In this blog post, we’ll focus on some concepts that are useful for the discussion I’ll attempt to start in the next 3-4 blog posts about this subject.
I’ll start off by quoting Hollnagel:
What we mean in general by ‘being safe’ is that the outcome of whatever is being done will be as expected. In other words, that things will go right, that the actions or activities we undertake will meet with success. But strangely enough, this is now how we assess or measure safety– Hollnagel
This is a true paradigm shift, both in Safety and in Cyber Security, as we tend to look at how ‘secure’ we are (and I’ll leave the issue of asking 100 people what secure means and we’ll certainly get at least 90 different versions which is a problem in itself) by the absence of incidents, breaches or clear indications of vulnerabilities or known weaknesses. Furthermore, this is compounded by the fact too many security professionals have no idea on “what it takes to get the job done” from the point of view of our Engineering teams or even business teams for that matter, and this leads to a failure to appreciate what goes right, namely what happens when it goes right.
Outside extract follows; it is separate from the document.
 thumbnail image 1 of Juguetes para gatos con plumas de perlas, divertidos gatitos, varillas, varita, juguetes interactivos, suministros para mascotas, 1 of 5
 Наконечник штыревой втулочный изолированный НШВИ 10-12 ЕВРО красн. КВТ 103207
And as such, our security programme management approaches are also a reflection of this, in that we focus on preventing or avoiding things from going wrong, not necessarily to support the organisation in making operations go right. This may look like a subtle difference, but I hope to make a clear case that it isn’t and it’s a huge insight.
On feeling secure
One of the main reasons for the dominant interpretation of safety as the absence of harm is that humans, individually and collectively, have a practical need to be free from harm as well as a psychological need to feel free from harm
But we also need to feel free from harm because a constant preoccupation or concern with what might go wrong is psychologically harmful – in addition to the fact that it prevents us from focusing on the activities at hand
This has great implications to Information Security as well, and something we often neglect. When our company’s engineers are writing app and infrastructure code, a constant preoccupation with security would prevent them from focusing on the task at hand. Yes, they shouldn’t neglect security and needs to be integral to the work they do, butt having a constant preoccupation with it detracts them from focusing on their craft and we can’t realistically expect everyone to be a security expert due to cognitive load considerations. Their jobs are already hard as they are, without adding 100s of lines of security requirements on top.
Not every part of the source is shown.